▶ [Data section]:
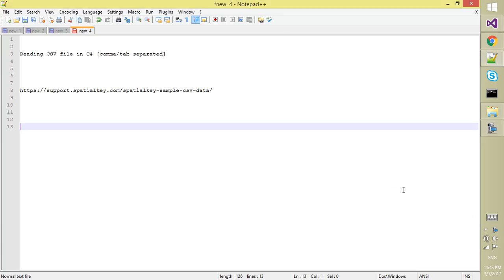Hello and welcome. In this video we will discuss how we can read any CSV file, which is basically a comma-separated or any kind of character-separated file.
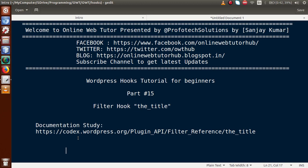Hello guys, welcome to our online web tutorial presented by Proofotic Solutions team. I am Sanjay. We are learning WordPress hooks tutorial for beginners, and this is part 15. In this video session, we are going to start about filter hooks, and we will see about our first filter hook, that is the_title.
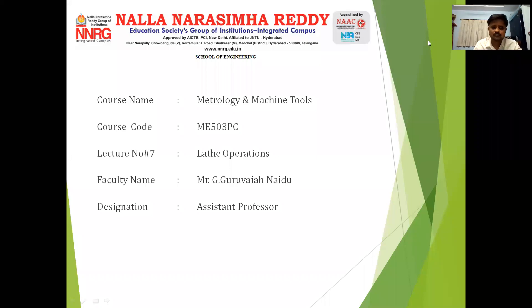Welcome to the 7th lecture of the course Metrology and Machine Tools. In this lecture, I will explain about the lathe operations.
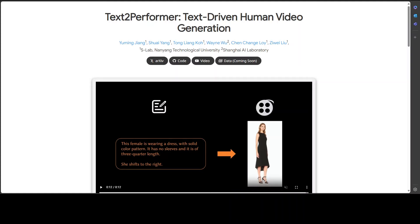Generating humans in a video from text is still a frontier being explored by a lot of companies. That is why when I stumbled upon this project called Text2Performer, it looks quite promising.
* * *
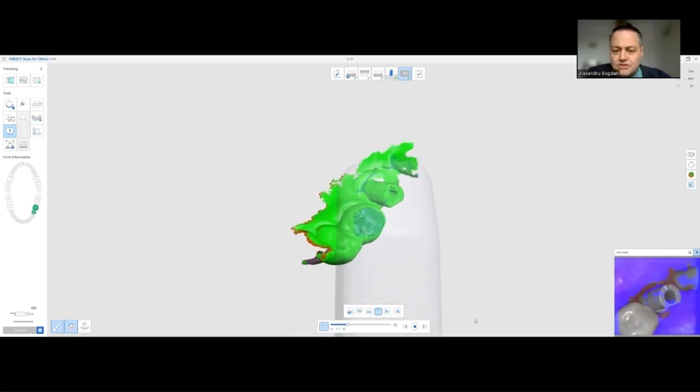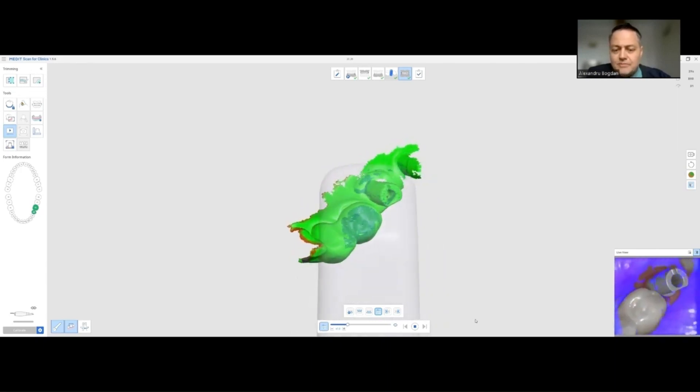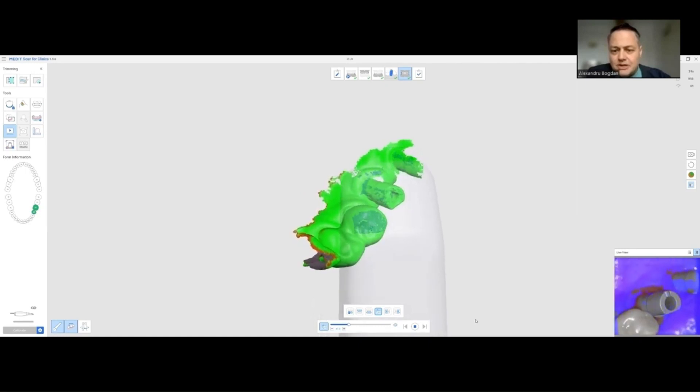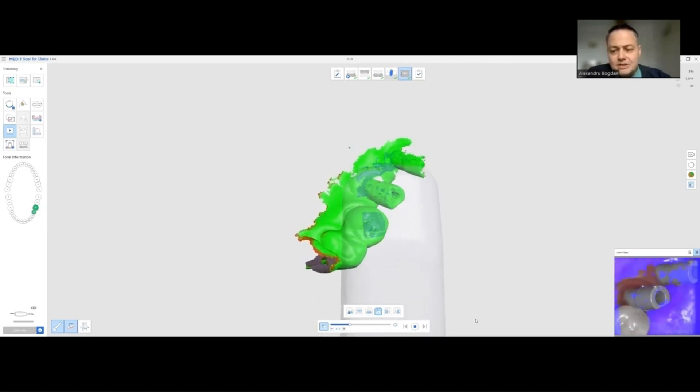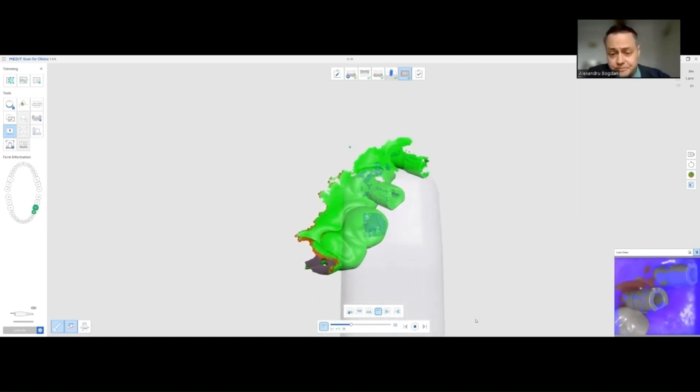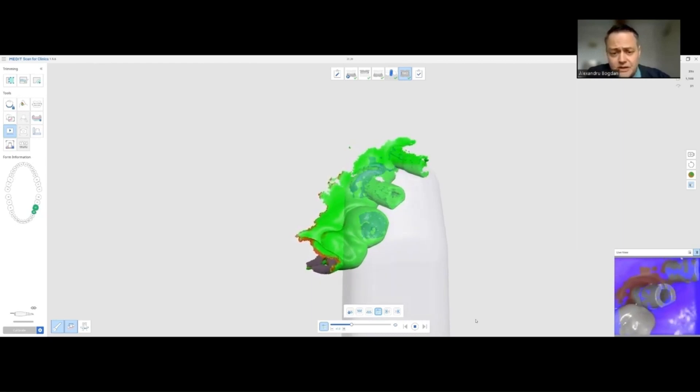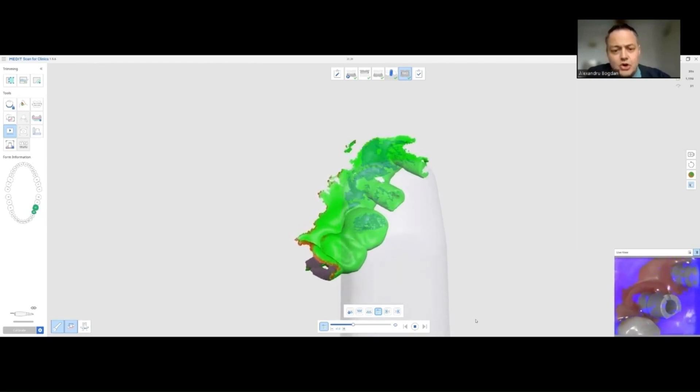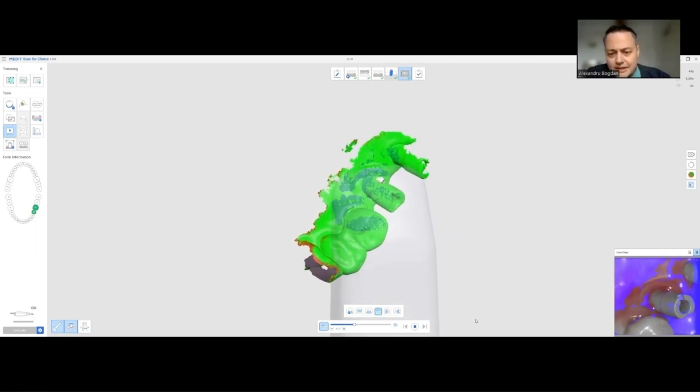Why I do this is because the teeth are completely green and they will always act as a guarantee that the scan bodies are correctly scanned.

▶ [About this task]: Taking the material above, give again exactly the lines from the one holding "Hello and welcome." through the one holding "Welcome to the", with both ends and without pictures.

▶ [Result of this task]:
Hello and welcome. In this video we will discuss how we can read any CSV file, which is basically a comma-separated or any kind of character-separated file.
Hello guys, welcome to our online web tutorial presented by Proofotic Solutions team. I am Sanjay. We are learning WordPress hooks tutorial for beginners, and this is part 15. In this video session, we are going to start about filter hooks, and we will see about our first filter hook, that is the_title.
Welcome to the 7th lecture of the course Metrology and Machine Tools. In this lecture, I will explain about the lathe operations.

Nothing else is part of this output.